Table Of Contents
Introduction
If you have ever heard someone mention robots.txt and wondered what it is, you are not alone. Many WordPress website owners come across this term but are not quite sure what it does or why it matters. The good news is that once you understand the basics, managing your robots.txt file becomes a straightforward task.
In simple terms, a robots.txt file is a small text file that sits at the root of your website and communicates with search engine bots. It tells these bots which pages or sections of your website they are allowed to visit and which ones they should skip. Think of it as a set of instructions posted at the entrance of your website specifically for automated visitors like Googlebot or Bingbot.
In WordPress, there are two ways this file can exist. First, WordPress can generate a virtual robots.txt file automatically. Second, you can create a physical robots.txt file yourself and place it on your server. When you create your own physical file, it takes priority over the virtual one. This is called manually overwriting the robots.txt file.
This article will guide you step by step through everything you need to know: what robots.txt is, why it matters for SEO, how WordPress handles it by default, and exactly how you can manually overwrite it to suit your needs.
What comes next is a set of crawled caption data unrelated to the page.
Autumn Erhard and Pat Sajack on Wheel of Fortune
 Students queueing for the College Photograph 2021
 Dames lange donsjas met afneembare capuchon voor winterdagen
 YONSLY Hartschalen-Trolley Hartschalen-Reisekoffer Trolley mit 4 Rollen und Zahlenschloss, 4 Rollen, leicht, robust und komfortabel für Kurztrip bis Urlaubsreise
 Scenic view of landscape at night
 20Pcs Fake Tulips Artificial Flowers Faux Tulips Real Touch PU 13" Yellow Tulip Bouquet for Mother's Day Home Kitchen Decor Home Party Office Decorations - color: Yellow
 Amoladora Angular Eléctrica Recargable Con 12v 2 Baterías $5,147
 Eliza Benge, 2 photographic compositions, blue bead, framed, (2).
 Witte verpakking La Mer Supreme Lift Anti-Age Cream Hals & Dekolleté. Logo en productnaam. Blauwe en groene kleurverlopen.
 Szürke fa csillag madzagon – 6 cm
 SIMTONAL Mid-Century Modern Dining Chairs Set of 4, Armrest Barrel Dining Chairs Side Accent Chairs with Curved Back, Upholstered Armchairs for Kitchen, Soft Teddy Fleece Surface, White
What Is a robots.txt File?
A robots.txt file is a plain text file that follows a protocol called the Robots Exclusion Protocol (REP). This protocol was introduced in 1994 and has since become a standard way for website owners to communicate with web crawlers and bots.
When a search engine bot visits your website, the very first thing it looks for is a robots.txt file at yourwebsite.com/robots.txt. If it finds one, it reads the instructions inside before doing anything else. If it does not find one, it simply crawls the entire website freely.
The Basic Structure of a robots.txt File
A robots.txt file is made up of groups of rules. Each group contains a User-agent line followed by one or more Allow or Disallow lines.
Here is a simple example:
User-agent: *
Disallow: /wp-admin/
Allow: /wp-admin/admin-ajax.php
Let us break this down:
- User-agent: * – The asterisk (*) means this rule applies to all bots. You can also target specific bots like Googlebot by name.
- Disallow: /wp-admin/ – This tells all bots not to crawl the /wp-admin/ folder.
- Allow: /wp-admin/admin-ajax.php – This creates an exception, allowing bots to access this specific file even within a disallowed folder.
It is important to understand that robots.txt is a polite instruction, not a security barrier. Well-behaved bots like Googlebot follow these rules faithfully. However, malicious bots may choose to ignore them entirely. Never use robots.txt as a way to hide sensitive information – use proper server-level security for that.
Why Does robots.txt Matter for SEO?
Search engines have a limited budget for crawling your website, often called the crawl budget. This means they cannot crawl every single page infinitely. By using robots.txt strategically, you can guide bots toward your most important content and away from pages that have no SEO value.
Pages You Might Want to Block
- Admin pages: Your WordPress dashboard and backend should not appear in search results.
- Duplicate content: Pages like tag archives, author archives, or certain plugin-generated pages may create duplicate content issues.
- Login pages: Your /wp-login.php page has no SEO value and is better kept out of search engine indexes.
- Private areas: Membership-only sections or staging environments.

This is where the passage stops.